Sturm der Lust: Mein Geständnis mit Hélène und Justine
Der Sturm peitscht gegen die Fenster meines isolierten Hauses. Regen prasselt wie Kugeln. Zwei Tage Chaos. Ich starre in die Dunkelheit, Bäume biegen sich. Whisky in der Hand. Feuer im Kamin knistert. Donner grollt. Blitz zerreißt die Nacht. Klingel. Ding dong. Zwei Frauen, durchnässt, frierend. Hélène, brünett, Justine, blond. Bomben. Ich lass sie rein. Servietten, Feuer wärmt ihre Haut. Roben kleben, Dekolletés glänzen. Whisky fließt. Zigarettenrauch. Mein Name? Von der Briefkasse. Nervös. Sie lächeln. Ich trinke zu schnell. Kopf schwer. Blicke wandern. Ihre Kurven. Hitze steigt. Sie nennen mich Gufti. Herz rast. Hélène nah. Groß. Parfüm umnebelt. Justine’s blaue Augen. Ich schwitze. Schwanz hart. Sie wissen’s. Lächeln teuflisch. Verlangen brennt. Alles rot. Ich will sie. Jetzt.

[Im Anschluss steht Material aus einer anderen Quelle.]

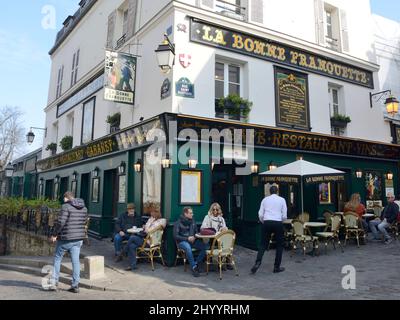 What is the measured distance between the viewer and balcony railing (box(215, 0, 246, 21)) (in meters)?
9.91

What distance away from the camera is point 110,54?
9.70m

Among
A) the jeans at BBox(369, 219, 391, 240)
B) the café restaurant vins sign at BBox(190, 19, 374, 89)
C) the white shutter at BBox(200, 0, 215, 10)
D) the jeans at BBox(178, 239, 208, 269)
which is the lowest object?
the jeans at BBox(178, 239, 208, 269)

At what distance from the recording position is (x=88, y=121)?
13695mm

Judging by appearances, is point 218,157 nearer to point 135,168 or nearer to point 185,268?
point 135,168

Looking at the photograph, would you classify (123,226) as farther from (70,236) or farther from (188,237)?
(70,236)

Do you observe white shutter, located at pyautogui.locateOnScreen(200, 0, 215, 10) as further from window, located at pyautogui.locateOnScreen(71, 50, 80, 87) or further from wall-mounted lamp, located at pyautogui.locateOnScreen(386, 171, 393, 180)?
wall-mounted lamp, located at pyautogui.locateOnScreen(386, 171, 393, 180)

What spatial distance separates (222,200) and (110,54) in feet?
17.7

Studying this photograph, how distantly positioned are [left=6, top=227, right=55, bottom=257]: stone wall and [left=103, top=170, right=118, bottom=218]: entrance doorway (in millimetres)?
2119

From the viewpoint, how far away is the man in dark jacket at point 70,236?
19.6 ft

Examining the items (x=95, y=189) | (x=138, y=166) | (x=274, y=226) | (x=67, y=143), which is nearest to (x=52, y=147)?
(x=67, y=143)

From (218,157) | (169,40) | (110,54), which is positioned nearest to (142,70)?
(110,54)

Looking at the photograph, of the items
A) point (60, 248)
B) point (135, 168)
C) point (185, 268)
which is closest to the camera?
point (60, 248)

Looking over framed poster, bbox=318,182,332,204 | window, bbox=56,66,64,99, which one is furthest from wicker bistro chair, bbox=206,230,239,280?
window, bbox=56,66,64,99

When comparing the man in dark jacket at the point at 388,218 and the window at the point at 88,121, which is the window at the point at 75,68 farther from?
the man in dark jacket at the point at 388,218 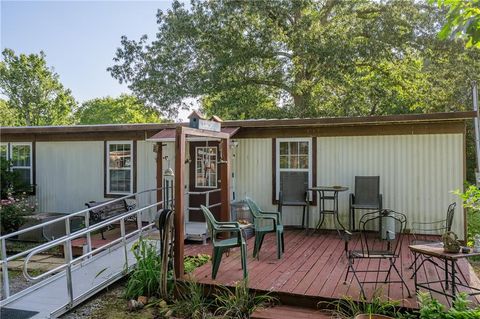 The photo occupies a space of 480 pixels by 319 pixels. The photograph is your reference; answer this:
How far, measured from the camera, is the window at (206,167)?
27.6 ft

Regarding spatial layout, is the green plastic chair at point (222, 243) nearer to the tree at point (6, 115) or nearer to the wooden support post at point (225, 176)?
the wooden support post at point (225, 176)

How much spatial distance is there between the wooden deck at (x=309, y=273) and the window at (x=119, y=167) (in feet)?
10.7

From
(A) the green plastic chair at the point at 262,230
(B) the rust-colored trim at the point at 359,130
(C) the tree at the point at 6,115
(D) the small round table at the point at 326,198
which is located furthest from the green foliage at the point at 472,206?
(C) the tree at the point at 6,115

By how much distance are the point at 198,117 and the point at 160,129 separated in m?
3.54

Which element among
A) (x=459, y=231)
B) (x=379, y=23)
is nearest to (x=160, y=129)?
(x=459, y=231)

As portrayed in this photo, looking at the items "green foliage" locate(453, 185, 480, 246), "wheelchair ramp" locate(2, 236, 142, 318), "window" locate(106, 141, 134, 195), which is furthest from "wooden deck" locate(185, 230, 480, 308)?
"window" locate(106, 141, 134, 195)

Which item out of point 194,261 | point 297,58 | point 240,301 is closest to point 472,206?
point 240,301

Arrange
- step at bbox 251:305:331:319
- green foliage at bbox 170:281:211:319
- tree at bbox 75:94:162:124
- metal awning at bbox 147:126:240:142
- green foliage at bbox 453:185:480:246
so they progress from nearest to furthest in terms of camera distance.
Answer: green foliage at bbox 453:185:480:246 → step at bbox 251:305:331:319 → green foliage at bbox 170:281:211:319 → metal awning at bbox 147:126:240:142 → tree at bbox 75:94:162:124

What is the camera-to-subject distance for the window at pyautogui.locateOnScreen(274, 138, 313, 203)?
7.74 metres

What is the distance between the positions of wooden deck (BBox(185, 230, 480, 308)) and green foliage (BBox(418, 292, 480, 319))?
34cm

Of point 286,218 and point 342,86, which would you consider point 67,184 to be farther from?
point 342,86

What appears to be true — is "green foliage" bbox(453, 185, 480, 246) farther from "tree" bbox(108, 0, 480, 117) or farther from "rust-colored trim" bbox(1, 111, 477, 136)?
"tree" bbox(108, 0, 480, 117)

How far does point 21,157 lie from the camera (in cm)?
1015

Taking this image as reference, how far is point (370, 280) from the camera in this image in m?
4.61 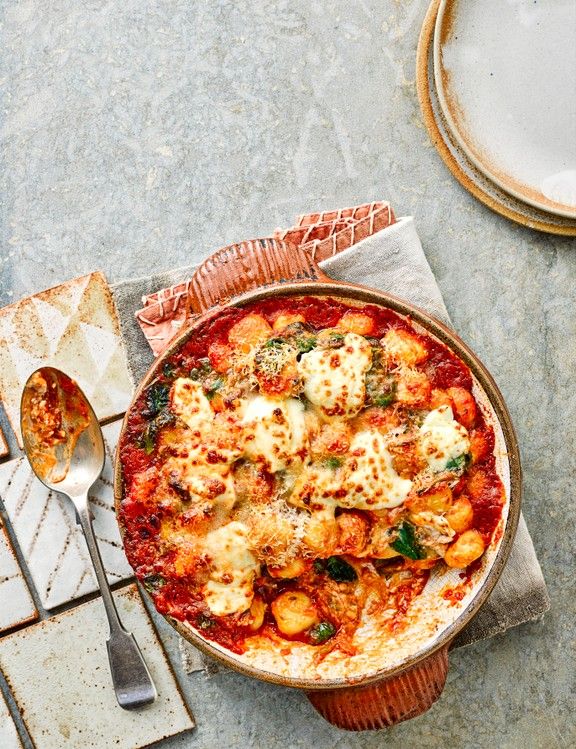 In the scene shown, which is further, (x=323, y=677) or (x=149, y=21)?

Hélène kniet. Finger an meinem Gürtel. Reißt auf. Schwanz springt raus. Hart wie Stein. Justine streift Kleid ab. Nackt. Perfekt. Brüste schwer, Hüften einladend. Sie kommt näher. Haut glüht. Ich greife. Fasse ihren Bauch. Weich. Heiß. Sie führt meine Hand zwischen Beine. Nass. Feucht. Puls hämmern. Hélène’s Mund umschließt mich. Warm. Nass. Saugt tief. Zunge wirbelt. Ich stöhne. Justine auf meinem Schoß. Brüste in meinem Gesicht. Lutsche Nippel. Hart. Salzig. Sie keucht. Setzt sich auf mein Gesicht. Schenkel umklammern. Muschi tropft. Zunge stößt rein. Süß. Salzig. Sie reibt sich. Gemetzel. Hélène bläst schneller. Eier ziehen sich. Feuer explodiert in mir. Schweiß rinnt. Herzen donnern. Ich bin ihr Spielzeug. Wild. Geil. Verzehrend. Justine kommt. Zittert. Flüssigkeit auf meiner Zunge. Hélène hört auf. Capote? Ja. Aber warten. Mein Schwanz pocht. Braucht mehr. Jetzt. Besitz. Total.